Enjoy Your New Life in 'Wayward Pines'

It was almost perfect.


Cue the Boyz II Men or Semisonic. We’ve reached the end of the road and Wayward Pines is in our rearview mirror. With season two only a faint possibility, even though it’s doing gangbusters for Fox, it’s safe to call Wayward Pines over and done. For now.

Which is great because the finale is infuriating.

They had it. M. Night et al had it. They would have stuck the landing with reasonably enough material for a second season had that path of been taken. But noooooo. One last stinger destroyed that. They piled it on and made the worst cliffhanger ending possible.

Ethan sacrifices himself heroically for the town and his family. Pam kills David Pilcher, who put everyone in danger because he feared he’s lost his grip of the town. Ben is injured and placed into a coma (Ugh). Pam and Kate put their differences behind them and choose to operate Wayward Pines, promising that they will run the town better.

Three years later, Ben wakes up from his coma to find Amy, aged and now a full-fledged nurse. He goes to town to find Wayward Pines… back to its creepy old self. A horrifying statue in remembrance of “visionary” David Pilcher and the rotting corpse of his “traitor” father hanging without dignity.

Yeah, what the fuck.

To the show’s credit (grumble), it did wrap up most of its stories nicely. Some things are left unfulfilled (Adam Hassler’s, where the hell is he?) but, Wayward Pines succeeded its mission: It was born as an event series that was intended to tell its story in ten episodes. And it did.

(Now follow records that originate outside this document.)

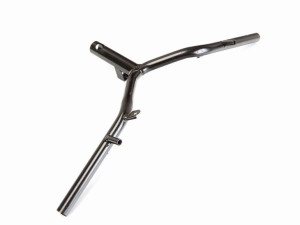 Kierownica Romet 727 Joy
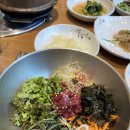 데이즈앤이얼즈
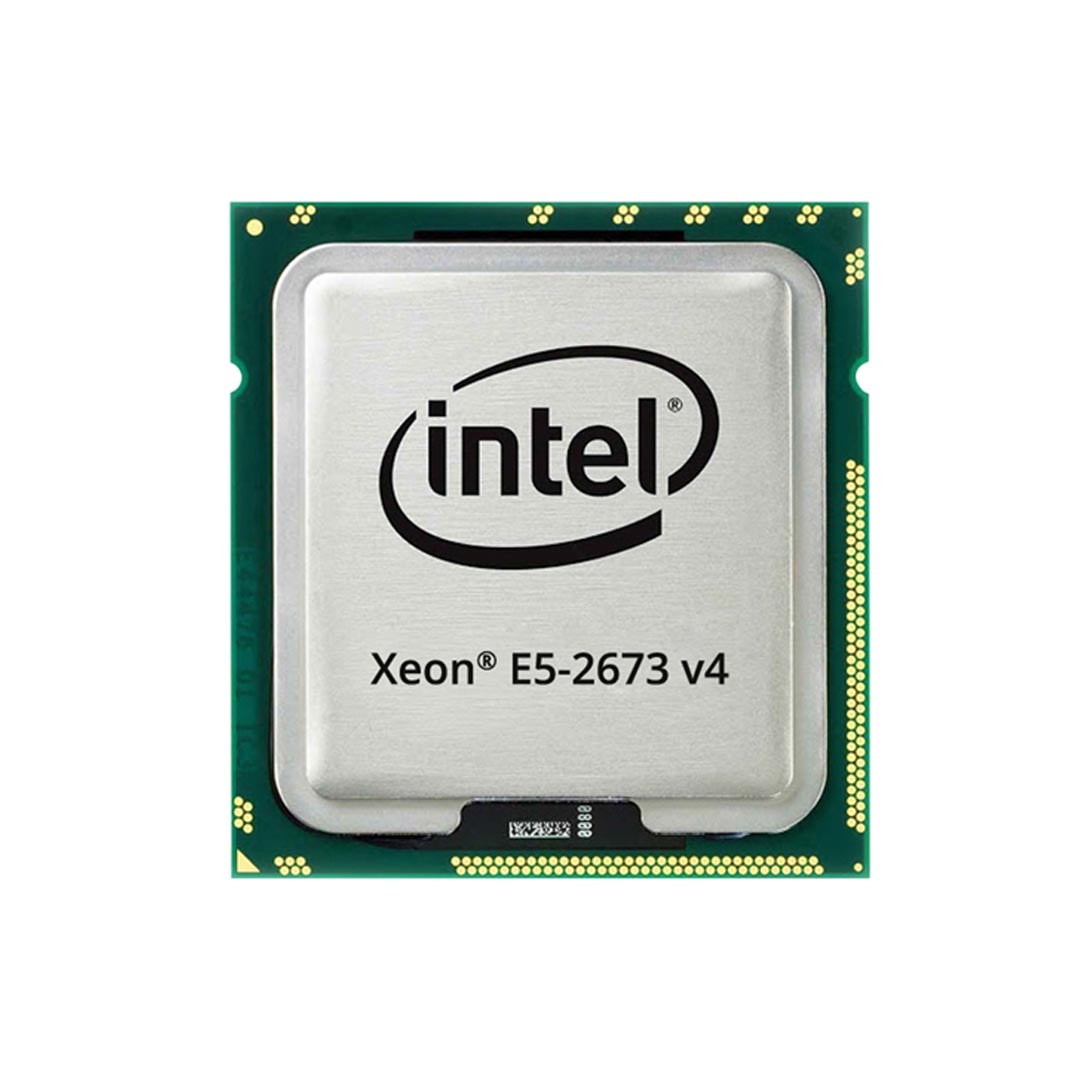 Intel Xeon E5-2667 V2 SR19W 3.3GHz LGA2011 8 Cores CPU Processor-419079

It’s just, that ending. The last few minutes. If you’ve invested yourself in Wayward Pines like I have, the last few minutes are like a slap in the face right after hot sex. Couldn’t we bask in the afterglow? No, and you’re being kicked out of bed.

Most of the episode played like an evacuation mission in a video game. Getting most of the town out is no short order, and predictably there are tense elevator sequences as the Abbies make their way deep into town and into the bunker. Much of the action is pretty thrilling. It’s not John Wick — by default, the zombie genre can’t allow for intricate choreography — but more World War Z. It’s quite the action seen this side of the best Walking Dead.

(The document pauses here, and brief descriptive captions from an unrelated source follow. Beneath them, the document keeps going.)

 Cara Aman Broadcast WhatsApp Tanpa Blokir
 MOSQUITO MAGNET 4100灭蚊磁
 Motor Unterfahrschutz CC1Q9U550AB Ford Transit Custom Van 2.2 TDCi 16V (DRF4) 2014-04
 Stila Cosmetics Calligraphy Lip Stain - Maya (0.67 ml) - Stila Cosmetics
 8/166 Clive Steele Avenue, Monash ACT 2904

In regards to Ethan’s sacrifice, I guess it had to happen. I’m not sure what he would gain by surviving. He can’t go home, no one can, and to make Wayward Pines his home would feel wrong. It’s against his character. Even as the sheriff, he was working against the town. In the end, I guess he really had to be offed. He could never enjoy his life in Wayward Pines.

And I was right about Kate! She did love Harold, as she confessed. I’m sure I’m the only one who really asked that question, but, man, does it feel great to have that answered. Kate and Ethan’s fling was just that, a fling.

So, my next big question: What’s Pam’s deal? Was she the big bad after all? This episode positioned her as a victim to Pilcher snapping over his lost grip over the town, but the ending scene has to be her doing. From the start, her position as an antagonistic force against Ethan indicated she could never fully be righteous or sympathetic at any point. Her transition has felt awkward, but it felt nearly right as she was sent into cyro (Interesting tidbit: They don’t freeze, they’re under some granite-looking substance). Her release was great, but it was orchestrated: The soldier ordered her release right as Pilcher became occupied. His initial coldness to her was a cover. But that had to mean Pam knew ahead of time what the game was, and she took control of Wayward Pines after.

So it was Pam’s game to win all along? Has to be. Pilcher was her puppet. Not surprising, she supported him in the very beginning and appeared to leverage him to help herself. But, again — what’s her purpose? Is it power she couldn’t have in the old world? We know zilch about her then (except that she was hot).

And this is why the ending is maddening. A second season is practically screaming right now.

Folks, it’s been quite the pleasure watching this wild show these last 10 or so weeks. I didn’t think I’d enjoy a show from M. Night Shyamalan as much as I did, especially when it came off like a lame Twin Peaks ripoff. But Wayward Pines became its own thing — first as a sci-fi mystery, then to some bizarre post-9/11 allegory, to finally some kind of apocalyptic zombie thriller. And it’s been fun.

I’d be happy to cover a second season should it happen, but I will admit I’m soured on the experience. A second season now just feels obligatory, like it would check off boxes to make this first season good as oppossed to telling a good, smart story. Unanswered questions of this caliber, even after last call when the lights are on and the chairs are on the tables, can be frustrating and poison whatever good came before it. And Wayward Pines’ freshman season had plenty of good! Bad too, but whatever was good was better.

I enjoyed my life in Wayward Pines. But I’m ready to go home.